Directions>
Transcribe the listing exactly, leaving out every picture.

Collected data>
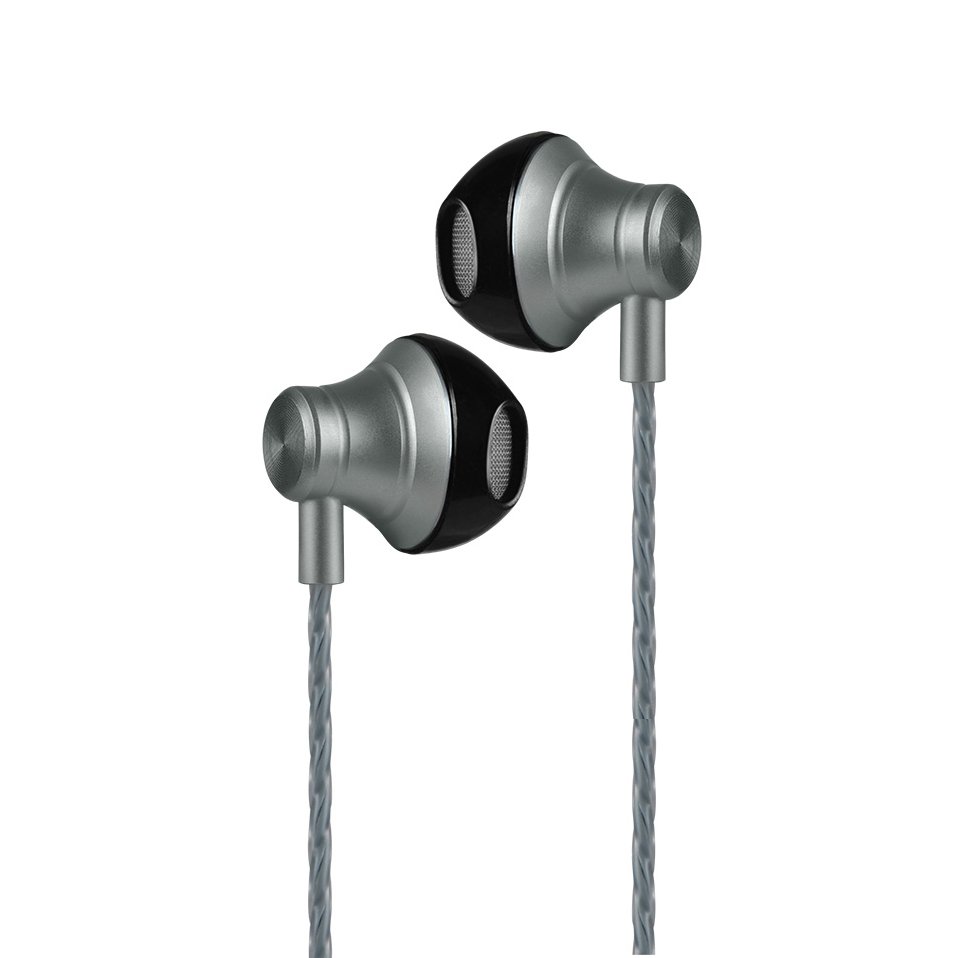 Навушники з мікрофоном Hoco M18 Goss Metal Black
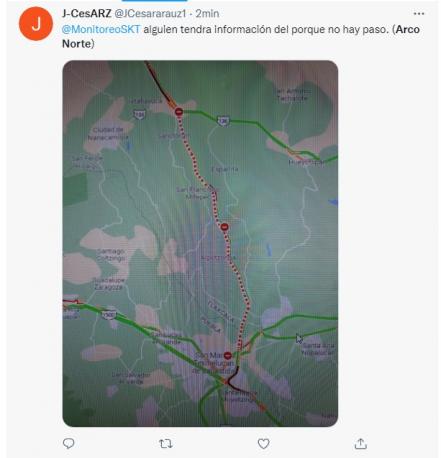 Accidente México Puebla hoy. ¿Qué pasó en Arco Norte?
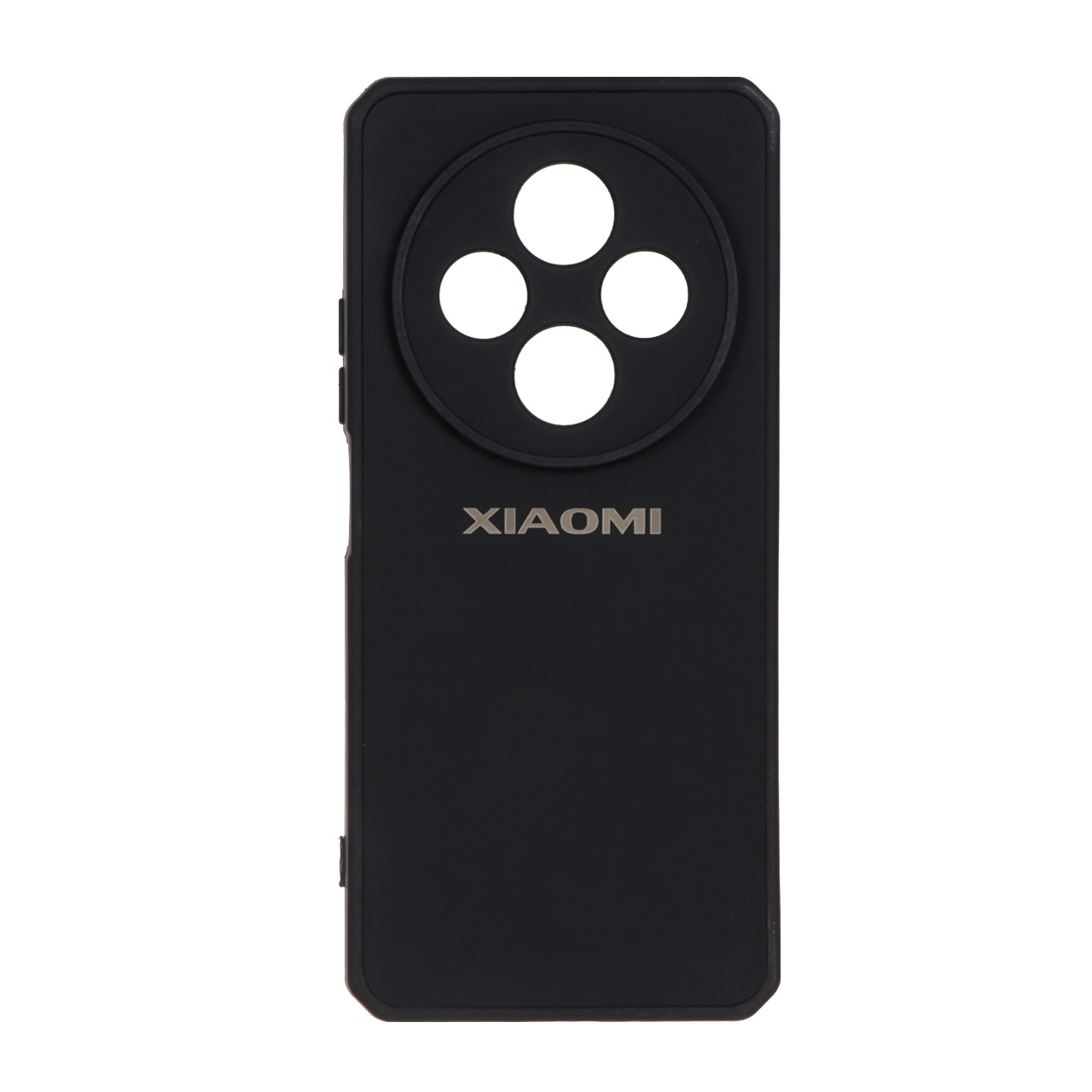 قاب rock پالیز لوگودار Xiaomi Redmi 14C / Redmi A4 / Poco C75 - مشکی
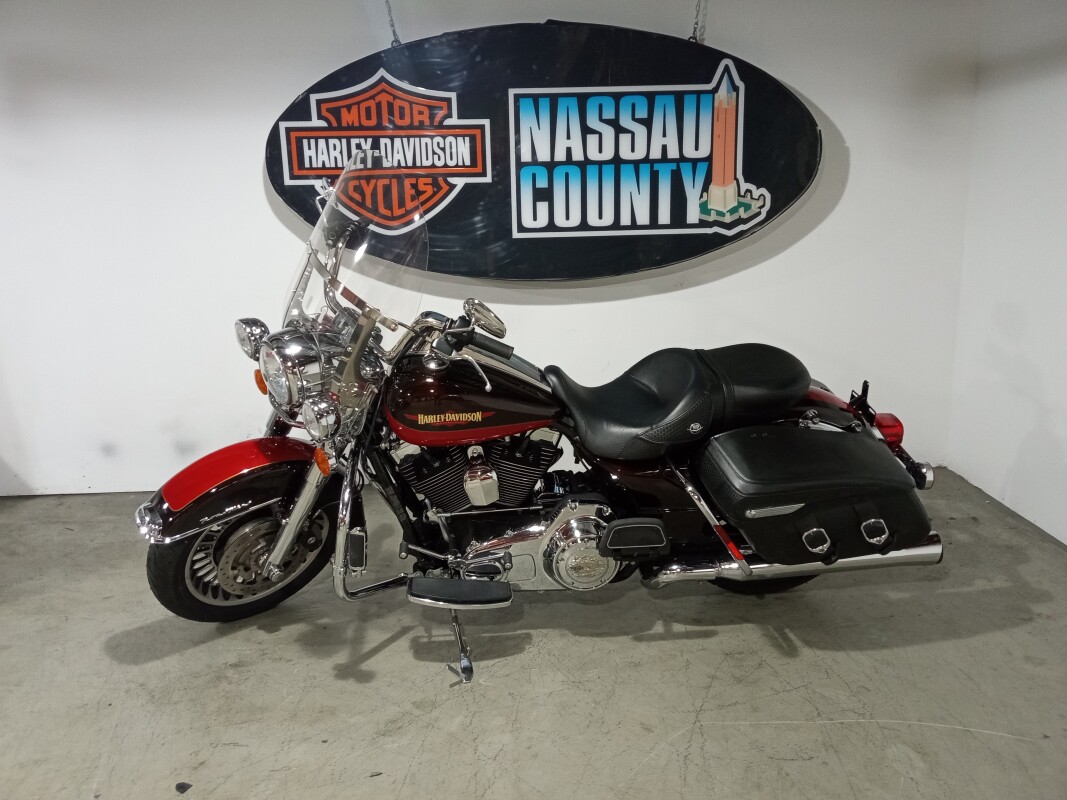 2010 Harley-Davidson Road King Classic Merlot Sunglo/Cherry Red Sunglo - Photo 3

Your solution>
 Навушники з мікрофоном Hoco M18 Goss Metal Black
 Accidente México Puebla hoy. ¿Qué pasó en Arco Norte?
 قاب rock پالیز لوگودار Xiaomi Redmi 14C / Redmi A4 / Poco C75 - مشکی
 2010 Harley-Davidson Road King Classic Merlot Sunglo/Cherry Red Sunglo - Photo 3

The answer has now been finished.